TASK INSTRUCTIONS → Among the entries below, only the lines from the one with "Algodão Gaze Sexy" through the one with "Kids Funny Donkey" are to be retyped, exactly and without pictures.

MATERIAL PROVIDED →

- - -

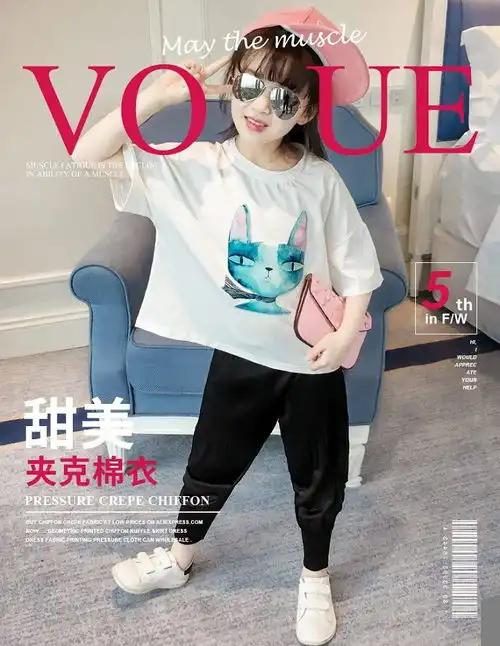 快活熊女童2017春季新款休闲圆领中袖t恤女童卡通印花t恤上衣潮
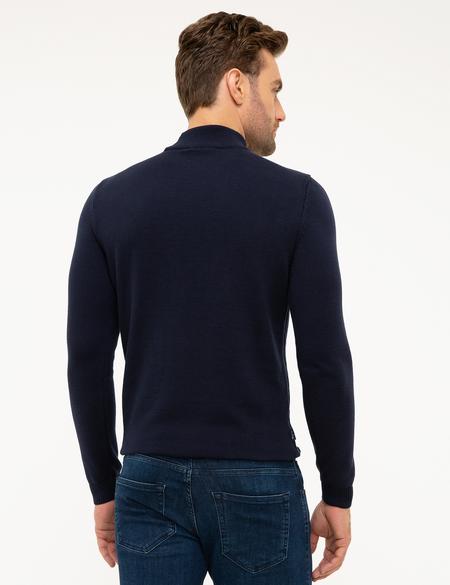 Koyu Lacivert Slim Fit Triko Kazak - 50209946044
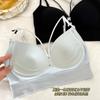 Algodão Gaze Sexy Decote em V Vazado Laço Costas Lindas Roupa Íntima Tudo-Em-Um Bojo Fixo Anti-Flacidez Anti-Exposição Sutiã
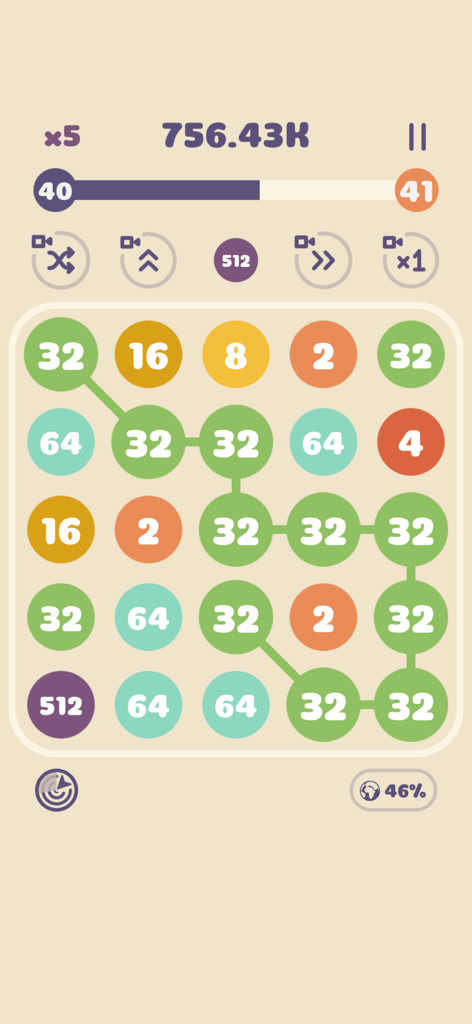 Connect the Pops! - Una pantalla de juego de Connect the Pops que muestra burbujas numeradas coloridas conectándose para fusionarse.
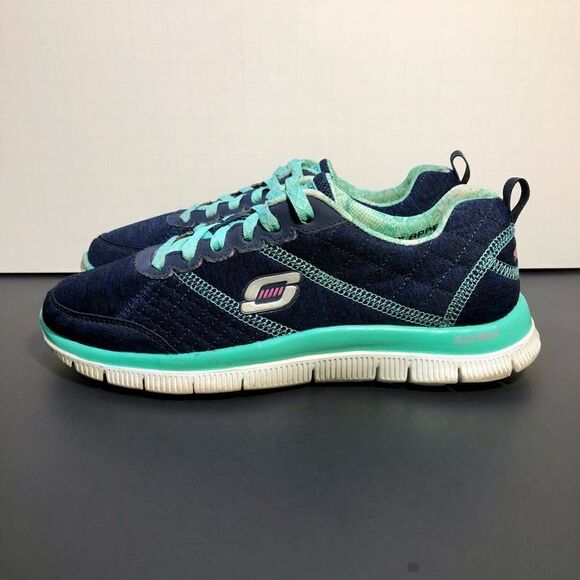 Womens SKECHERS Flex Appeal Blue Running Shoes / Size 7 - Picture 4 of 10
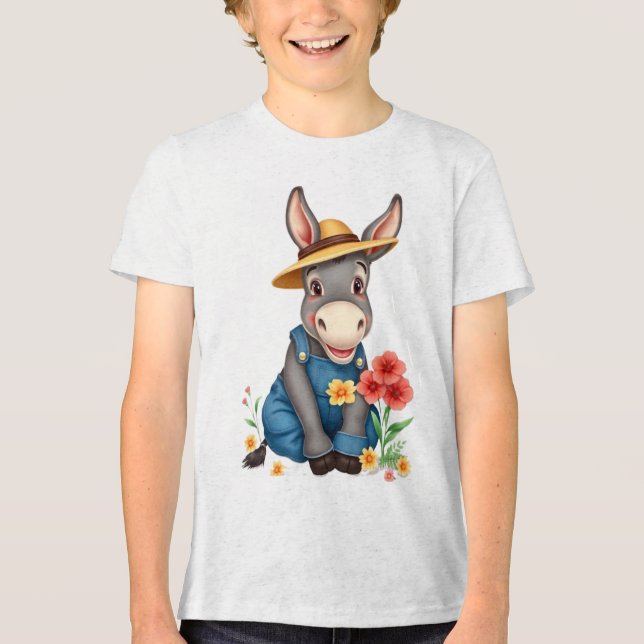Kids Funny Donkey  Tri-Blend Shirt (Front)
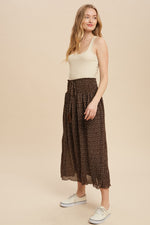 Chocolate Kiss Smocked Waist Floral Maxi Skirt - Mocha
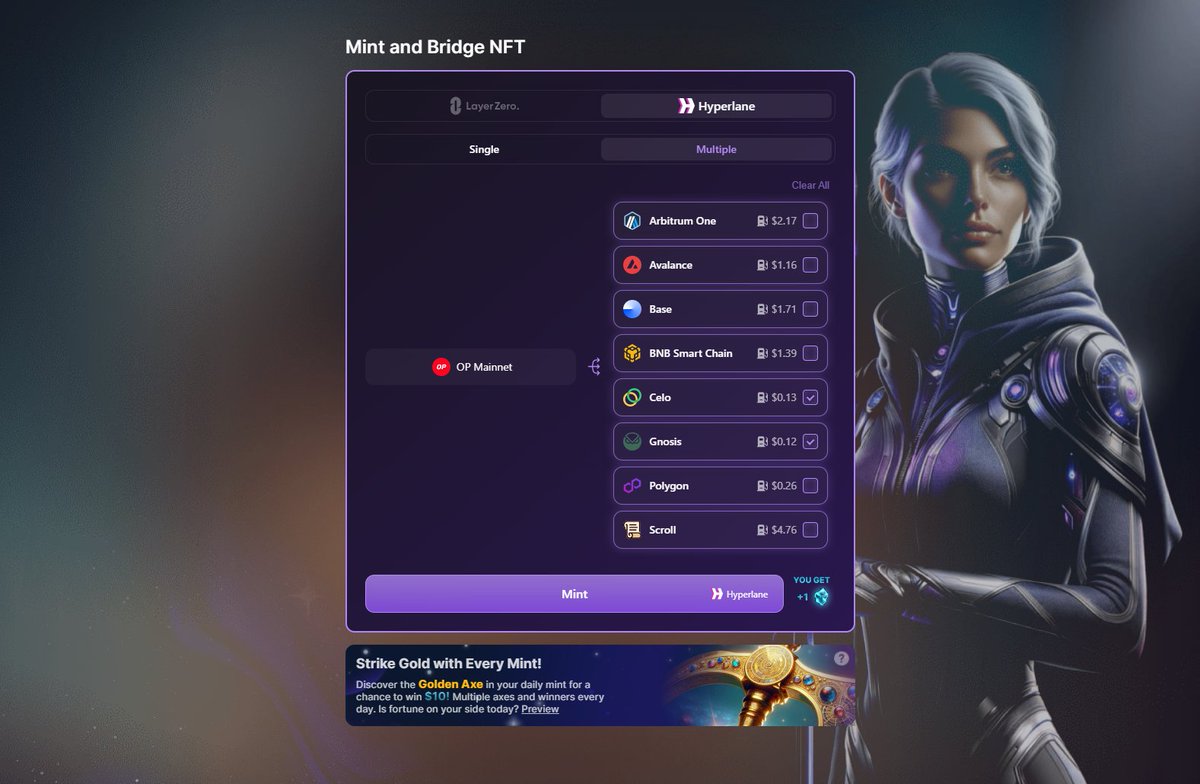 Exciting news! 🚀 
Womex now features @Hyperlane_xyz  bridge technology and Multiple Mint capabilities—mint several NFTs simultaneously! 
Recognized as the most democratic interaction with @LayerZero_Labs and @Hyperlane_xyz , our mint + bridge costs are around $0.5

- - -

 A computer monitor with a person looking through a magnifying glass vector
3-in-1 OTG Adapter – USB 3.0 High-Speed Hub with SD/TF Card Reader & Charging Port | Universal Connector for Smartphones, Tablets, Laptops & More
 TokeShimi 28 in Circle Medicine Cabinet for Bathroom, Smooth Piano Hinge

- - -

EXERCISE RESULT →
 Algodão Gaze Sexy Decote em V Vazado Laço Costas Lindas Roupa Íntima Tudo-Em-Um Bojo Fixo Anti-Flacidez Anti-Exposição Sutiã
 Connect the Pops! - Una pantalla de juego de Connect the Pops que muestra burbujas numeradas coloridas conectándose para fusionarse.
 Womens SKECHERS Flex Appeal Blue Running Shoes / Size 7 - Picture 4 of 10
Kids Funny Donkey  Tri-Blend Shirt (Front)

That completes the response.